*Assigned task*. Which lines in the data below contain the word "show"? Return each of them.

Short web captions:

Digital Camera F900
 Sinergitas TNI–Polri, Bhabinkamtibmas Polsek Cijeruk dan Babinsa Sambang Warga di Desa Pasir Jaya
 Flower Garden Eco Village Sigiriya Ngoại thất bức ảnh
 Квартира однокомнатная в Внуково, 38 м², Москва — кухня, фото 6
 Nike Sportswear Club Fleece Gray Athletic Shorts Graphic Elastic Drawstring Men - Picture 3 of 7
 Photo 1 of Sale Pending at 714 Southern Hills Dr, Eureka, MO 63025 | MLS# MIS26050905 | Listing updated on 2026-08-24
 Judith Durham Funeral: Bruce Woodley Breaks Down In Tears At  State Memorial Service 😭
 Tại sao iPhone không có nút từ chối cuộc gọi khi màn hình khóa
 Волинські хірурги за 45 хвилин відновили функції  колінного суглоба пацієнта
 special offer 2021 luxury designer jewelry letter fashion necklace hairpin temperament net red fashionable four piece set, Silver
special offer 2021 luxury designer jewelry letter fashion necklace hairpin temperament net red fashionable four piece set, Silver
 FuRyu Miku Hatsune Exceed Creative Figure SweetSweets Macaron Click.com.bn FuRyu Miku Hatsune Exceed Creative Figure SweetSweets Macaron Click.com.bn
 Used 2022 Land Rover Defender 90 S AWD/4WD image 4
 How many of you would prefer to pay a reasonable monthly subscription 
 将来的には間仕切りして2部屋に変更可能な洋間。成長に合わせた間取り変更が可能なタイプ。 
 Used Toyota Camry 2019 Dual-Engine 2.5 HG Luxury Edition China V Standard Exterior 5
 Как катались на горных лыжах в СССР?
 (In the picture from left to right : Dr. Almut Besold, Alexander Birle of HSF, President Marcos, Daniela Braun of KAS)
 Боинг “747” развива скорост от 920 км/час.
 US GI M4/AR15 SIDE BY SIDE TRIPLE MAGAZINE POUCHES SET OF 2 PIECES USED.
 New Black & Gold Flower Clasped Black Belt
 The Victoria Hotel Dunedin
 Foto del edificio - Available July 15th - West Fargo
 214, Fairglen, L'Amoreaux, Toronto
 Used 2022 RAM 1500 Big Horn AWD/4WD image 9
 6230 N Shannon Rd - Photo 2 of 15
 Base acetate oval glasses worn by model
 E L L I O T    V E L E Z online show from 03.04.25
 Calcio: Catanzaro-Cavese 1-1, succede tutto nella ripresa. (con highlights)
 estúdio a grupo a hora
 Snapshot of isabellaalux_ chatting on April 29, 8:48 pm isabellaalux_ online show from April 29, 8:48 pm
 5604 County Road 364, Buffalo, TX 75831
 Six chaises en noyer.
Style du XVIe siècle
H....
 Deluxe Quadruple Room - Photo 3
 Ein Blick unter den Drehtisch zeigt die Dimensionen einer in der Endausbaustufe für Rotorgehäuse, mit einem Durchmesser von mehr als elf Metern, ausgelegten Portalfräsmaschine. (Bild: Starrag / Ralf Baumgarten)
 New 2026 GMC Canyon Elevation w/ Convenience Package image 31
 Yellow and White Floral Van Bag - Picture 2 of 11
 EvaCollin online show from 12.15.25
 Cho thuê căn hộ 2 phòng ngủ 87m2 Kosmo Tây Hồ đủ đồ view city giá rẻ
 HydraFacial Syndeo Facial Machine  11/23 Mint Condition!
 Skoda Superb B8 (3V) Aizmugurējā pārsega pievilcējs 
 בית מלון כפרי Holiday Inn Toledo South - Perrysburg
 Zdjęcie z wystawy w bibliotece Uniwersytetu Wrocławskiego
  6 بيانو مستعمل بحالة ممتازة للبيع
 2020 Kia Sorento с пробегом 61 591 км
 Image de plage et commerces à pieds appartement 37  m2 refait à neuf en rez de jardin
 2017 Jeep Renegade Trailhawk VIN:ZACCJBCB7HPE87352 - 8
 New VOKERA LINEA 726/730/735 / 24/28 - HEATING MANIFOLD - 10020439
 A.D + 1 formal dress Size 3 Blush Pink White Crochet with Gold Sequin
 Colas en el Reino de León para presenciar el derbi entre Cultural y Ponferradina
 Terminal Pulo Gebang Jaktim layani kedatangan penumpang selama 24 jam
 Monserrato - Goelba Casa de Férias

*Response to the task*.
 E L L I O T    V E L E Z online show from 03.04.25
 Snapshot of isabellaalux_ chatting on April 29, 8:48 pm isabellaalux_ online show from April 29, 8:48 pm
 EvaCollin online show from 12.15.25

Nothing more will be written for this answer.